Things get more interesting when part of your IT infrastructure sits on-premise, and some sits in the cloud. It gets even more interesting when your data sources are also software-as-a-service (SaaS), for example Salesforce.com and Workday, where data access is via APIs rather than direct SQL*Net connections.

So where do we start with ETL-in-the-cloud? One place to start is Oracle’s own slide-deck on OBIEE in the cloud, where they set out what they see as the key differences between traditional on-premise software and software delivered via SaaS:

In this SaaS world, the expectation is that:

  • The infrastructure, software etc is already in placed, is patched regularly for you in the background, and new features emerge regularly
  • You’re on a shared platform, but you won’t be aware of other tenants on a day-to-day basis
  • The “innards” and workings are hidden from you - you just consume a service
  • It’s cloud-native - from connectivity to cloud apps through to common social sign-ons, commenting and collaboration
  • Everything is thin-client, web-based
  • Everything is self-service, self-provisioning, right from creation of your user account
  • Sign-up is on-demand, paid by the hour/day etc, and with no long setup process

What this means for data integration (and ODI) then, in my opinion, is:

  • It must be available as a service - log in, create data source connections, define mappings, run code
  • The internals typically would be hidden - so no need to know about agents, GoldenGate vs. ODI, choices of knowledge modules etc
  • Web-based data flow modellers as well as admin tools
  • Connectors through to Salesforce.com and other cloud apps
  • Connectors through to Hadoop, Hive, JSON compatibility etc
  • Instant sign-up and charging by time/use

With bonus points for:

  • Low-cost or free option to get you started
  • A consistent story that goes through from messaging, application integration through to large-scale data movement
  • Easy clustering, scale-out, deployment on services such as Amazon EC2
  • Options to deploy on-premise or cloud, and run integration tasks on-premise or cloud

Looking at it architecturally, ETL-in-the-cloud would sit between sources and targets, both on-premise and in the cloud, providing the vital data movement capability between source systems and the BI Platform itself - most probably to its own database-in-the-cloud, running the data warehouse.
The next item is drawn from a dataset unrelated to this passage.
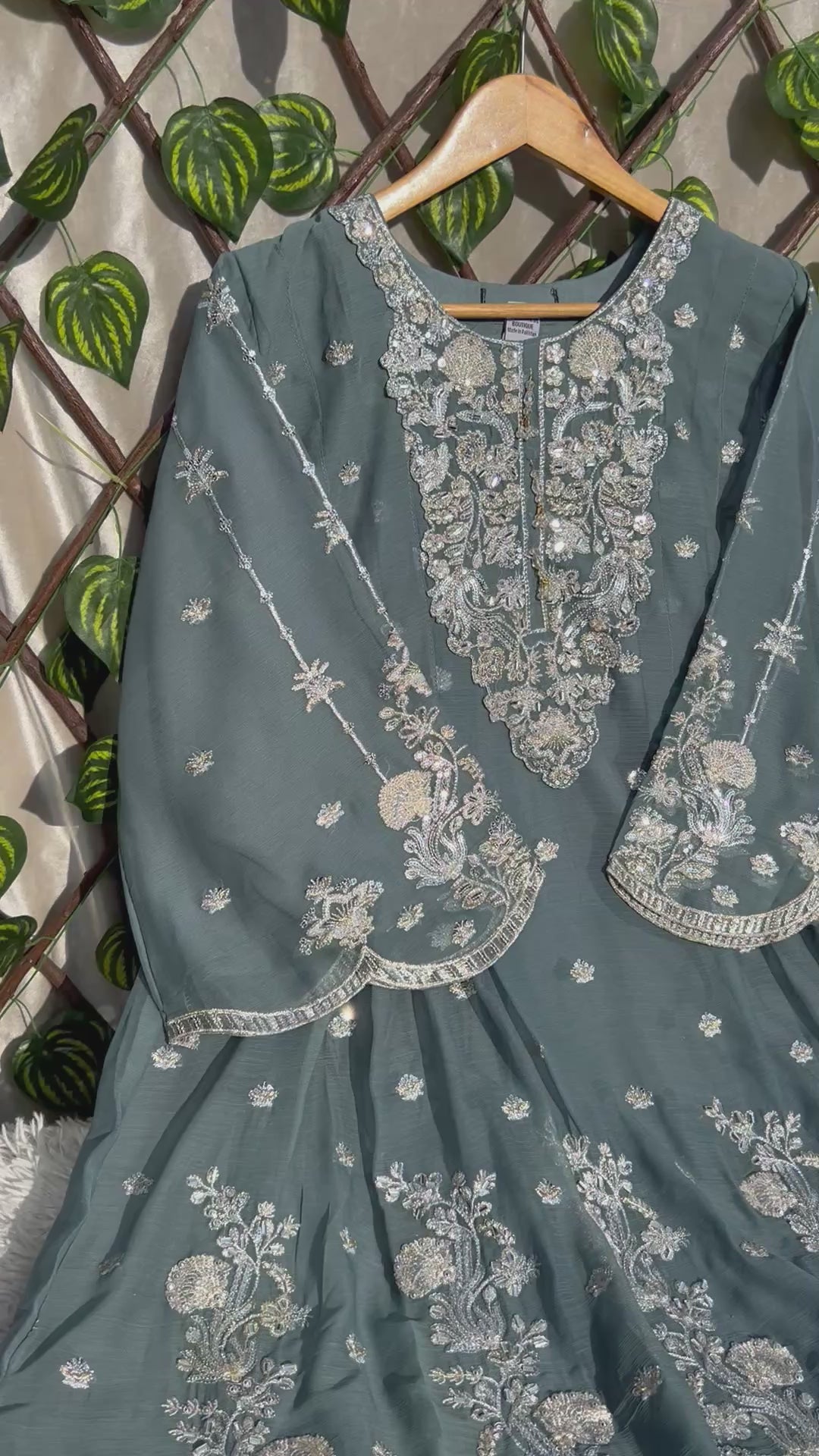 MZ 12 (Party & Wedding Wear) Chiffon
So what are the options then, if you want to use cloud-based ETL to load a cloud-based data warehouse and BI system? To my mind, there’s four main options:

  • If you’re using a cloud-based database service such as Amazon’s Redshift, or Oracle’s own public cloud “schema-as-a-service” database, you can use the ETL tools provided with the service
  • You can try and put ODI in the cloud, maybe using an Amazon EC2 instance running WebLogic and a JEE agent, with another instance providing the metadata repository database
    • or as an alternative, do the same for one of the open-source ETL tools
  • You can use one of the new “cloud-native” ETL-as-a-service products, such as Informatica Cloud or SnapLogic
  • Or - you can try and abstract away ETL altogether - more on this later on.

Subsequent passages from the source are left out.